RECORDS SHOWN Block Start
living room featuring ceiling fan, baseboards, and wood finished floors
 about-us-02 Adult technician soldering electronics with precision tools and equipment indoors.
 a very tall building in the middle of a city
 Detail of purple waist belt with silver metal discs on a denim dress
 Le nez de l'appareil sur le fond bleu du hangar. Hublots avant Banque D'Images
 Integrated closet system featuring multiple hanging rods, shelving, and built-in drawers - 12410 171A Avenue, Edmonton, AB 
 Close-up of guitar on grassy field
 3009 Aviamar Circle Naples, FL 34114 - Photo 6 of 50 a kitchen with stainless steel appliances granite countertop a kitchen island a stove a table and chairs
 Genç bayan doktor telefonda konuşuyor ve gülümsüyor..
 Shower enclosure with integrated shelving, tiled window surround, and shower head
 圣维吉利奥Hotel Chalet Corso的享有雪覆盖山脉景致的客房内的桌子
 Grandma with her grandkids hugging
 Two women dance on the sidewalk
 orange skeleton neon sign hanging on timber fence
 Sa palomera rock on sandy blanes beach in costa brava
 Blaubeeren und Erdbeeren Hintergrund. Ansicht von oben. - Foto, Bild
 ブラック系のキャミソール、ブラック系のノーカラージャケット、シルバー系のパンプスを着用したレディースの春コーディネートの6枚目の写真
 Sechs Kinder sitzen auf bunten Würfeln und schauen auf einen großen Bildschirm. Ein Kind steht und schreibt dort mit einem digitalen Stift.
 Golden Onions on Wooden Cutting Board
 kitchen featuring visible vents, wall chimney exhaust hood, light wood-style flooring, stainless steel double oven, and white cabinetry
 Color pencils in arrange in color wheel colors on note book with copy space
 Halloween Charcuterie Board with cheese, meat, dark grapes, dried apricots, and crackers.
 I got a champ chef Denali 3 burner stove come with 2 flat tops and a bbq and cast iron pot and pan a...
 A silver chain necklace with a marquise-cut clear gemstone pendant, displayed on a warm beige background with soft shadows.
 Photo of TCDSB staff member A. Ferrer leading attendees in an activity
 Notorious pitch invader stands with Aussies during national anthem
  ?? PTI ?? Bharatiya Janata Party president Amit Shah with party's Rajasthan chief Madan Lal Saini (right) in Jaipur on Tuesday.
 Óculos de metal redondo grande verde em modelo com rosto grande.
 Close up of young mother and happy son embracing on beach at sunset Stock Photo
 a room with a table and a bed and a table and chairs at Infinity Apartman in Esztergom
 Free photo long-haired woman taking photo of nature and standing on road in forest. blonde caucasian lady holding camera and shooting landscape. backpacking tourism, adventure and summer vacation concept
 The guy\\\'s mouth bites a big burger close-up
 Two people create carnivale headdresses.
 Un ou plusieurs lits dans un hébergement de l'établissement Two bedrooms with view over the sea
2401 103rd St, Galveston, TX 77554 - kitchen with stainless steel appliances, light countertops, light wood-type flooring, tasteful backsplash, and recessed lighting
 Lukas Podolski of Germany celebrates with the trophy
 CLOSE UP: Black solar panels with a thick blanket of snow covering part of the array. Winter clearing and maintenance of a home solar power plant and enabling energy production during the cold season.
RECORDS SHOWN Block End
=== AIM OF THE EXERCISE ===
Please go line by line through the records above, copying each one that holds the string "table".

=== RESPONSE AREA ===
 3009 Aviamar Circle Naples, FL 34114 - Photo 6 of 50 a kitchen with stainless steel appliances granite countertop a kitchen island a stove a table and chairs
 a room with a table and a bed and a table and chairs at Infinity Apartman in Esztergom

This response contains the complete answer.